As you survey your weekly or monthly responsibilities, where are the opportunities to better spend that additional time in order to “securitize” responsibilities into earning assets for tomorrow? Sorting those slices of ownership into “expensive” and “cheap” buckets might help you prioritize a list. Namely, how can you push the decision making responsibility down to your team and create an asset base that asynchronously operates with minimal intervention on your side?
Some ideas may include..
- Processes where you stand in the middle as a bottleneck
- Could you rotate the approvals? Is there a future Team Lead candidate who would love to take on the responsibility of shouldering some of these decisions?
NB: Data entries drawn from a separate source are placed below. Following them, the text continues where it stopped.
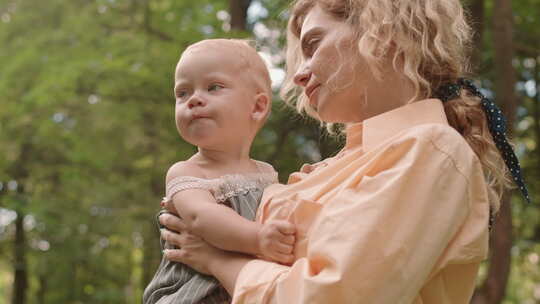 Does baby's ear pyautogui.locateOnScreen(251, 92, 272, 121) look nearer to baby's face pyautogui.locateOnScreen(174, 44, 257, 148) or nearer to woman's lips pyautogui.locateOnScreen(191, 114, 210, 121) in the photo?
baby's face pyautogui.locateOnScreen(174, 44, 257, 148)

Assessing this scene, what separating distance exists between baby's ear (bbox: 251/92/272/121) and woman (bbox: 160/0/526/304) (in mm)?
267

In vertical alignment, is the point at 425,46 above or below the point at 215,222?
above

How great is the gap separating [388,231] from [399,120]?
1.44 ft

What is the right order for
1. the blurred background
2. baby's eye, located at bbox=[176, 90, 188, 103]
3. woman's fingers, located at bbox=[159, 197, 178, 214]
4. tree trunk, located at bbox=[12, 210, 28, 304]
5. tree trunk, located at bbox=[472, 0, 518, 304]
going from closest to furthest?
woman's fingers, located at bbox=[159, 197, 178, 214], baby's eye, located at bbox=[176, 90, 188, 103], tree trunk, located at bbox=[472, 0, 518, 304], the blurred background, tree trunk, located at bbox=[12, 210, 28, 304]

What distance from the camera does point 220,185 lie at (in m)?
2.22

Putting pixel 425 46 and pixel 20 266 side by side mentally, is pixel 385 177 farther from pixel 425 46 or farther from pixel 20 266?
pixel 20 266

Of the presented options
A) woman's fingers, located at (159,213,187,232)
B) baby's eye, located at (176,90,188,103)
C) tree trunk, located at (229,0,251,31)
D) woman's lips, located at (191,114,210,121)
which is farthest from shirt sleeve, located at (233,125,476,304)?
tree trunk, located at (229,0,251,31)

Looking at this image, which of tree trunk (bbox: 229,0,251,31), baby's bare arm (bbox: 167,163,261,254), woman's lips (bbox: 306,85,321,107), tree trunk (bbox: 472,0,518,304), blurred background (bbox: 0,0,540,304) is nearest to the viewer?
baby's bare arm (bbox: 167,163,261,254)

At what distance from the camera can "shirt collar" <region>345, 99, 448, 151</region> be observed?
6.18 ft

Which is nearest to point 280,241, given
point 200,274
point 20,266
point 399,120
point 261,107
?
point 200,274

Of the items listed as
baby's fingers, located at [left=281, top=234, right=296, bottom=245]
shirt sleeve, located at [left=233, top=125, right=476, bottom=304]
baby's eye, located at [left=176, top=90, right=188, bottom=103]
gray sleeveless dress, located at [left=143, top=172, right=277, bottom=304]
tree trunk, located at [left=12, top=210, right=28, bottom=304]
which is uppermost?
shirt sleeve, located at [left=233, top=125, right=476, bottom=304]

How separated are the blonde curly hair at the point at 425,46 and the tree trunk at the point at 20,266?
12112 mm

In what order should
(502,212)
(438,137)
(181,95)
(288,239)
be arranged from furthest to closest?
1. (502,212)
2. (181,95)
3. (288,239)
4. (438,137)

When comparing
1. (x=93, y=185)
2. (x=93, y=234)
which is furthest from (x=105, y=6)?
(x=93, y=234) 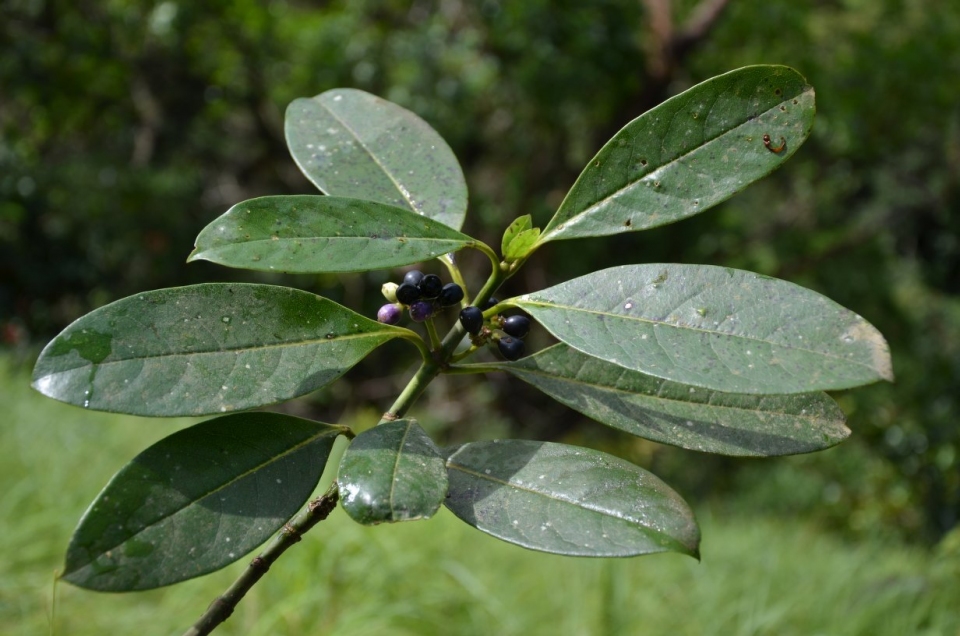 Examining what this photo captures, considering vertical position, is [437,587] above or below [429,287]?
below

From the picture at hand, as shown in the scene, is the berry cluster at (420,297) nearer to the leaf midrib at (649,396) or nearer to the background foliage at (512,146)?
the leaf midrib at (649,396)

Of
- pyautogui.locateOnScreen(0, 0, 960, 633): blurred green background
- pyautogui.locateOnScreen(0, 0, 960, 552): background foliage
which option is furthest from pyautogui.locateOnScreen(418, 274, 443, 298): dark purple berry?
pyautogui.locateOnScreen(0, 0, 960, 552): background foliage

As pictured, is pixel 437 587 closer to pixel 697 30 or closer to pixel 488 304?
pixel 488 304

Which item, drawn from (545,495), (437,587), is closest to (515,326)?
(545,495)

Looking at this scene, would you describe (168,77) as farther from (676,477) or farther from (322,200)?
(322,200)

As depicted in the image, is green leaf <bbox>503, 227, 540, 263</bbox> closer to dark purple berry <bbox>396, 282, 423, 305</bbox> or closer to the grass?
dark purple berry <bbox>396, 282, 423, 305</bbox>

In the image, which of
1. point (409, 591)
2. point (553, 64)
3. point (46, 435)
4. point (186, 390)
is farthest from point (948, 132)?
point (186, 390) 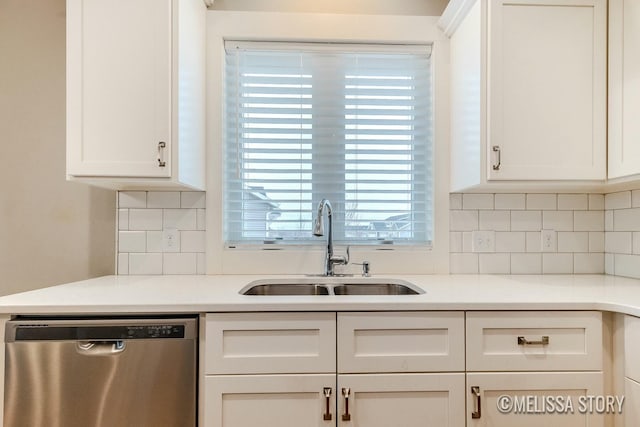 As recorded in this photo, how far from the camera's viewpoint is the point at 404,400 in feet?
4.21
- A consistent, low/medium risk decision making motion
- Are there things you own because “you’ve always done them”? They probably don’t need to sit with you every time. Train a team member (or committee) into learning to step in and help out. Rotate quarterly perhaps. You’ll love it, promise
- Switch up meeting cadence and ownership
- Are there expensive recurring meetings? Could they be consolidated? Rotated? Eliminated? Led by others?
- Reward high performers
- That thing you own that’s a major burden? There is definitely a hungry team member dying to take it on. Give your people some additional responsibility, they’ll love you for it
Fight hard to get leverage on your time. The reward is setting your mind (somewhat) free to do deeper work on the more important needle moving things. Allow your highly trained team to execute on areas of increasing expertise to grow their own careers.
Investing as a manager, what does that mean? Teaching your employee to fish. Turning projects, processes, and people into high flying earning assets. Teach, train, coach, hire, outsource as necessary and push down. Don’t spend your cash or your time flippantly. Invest it…wisely!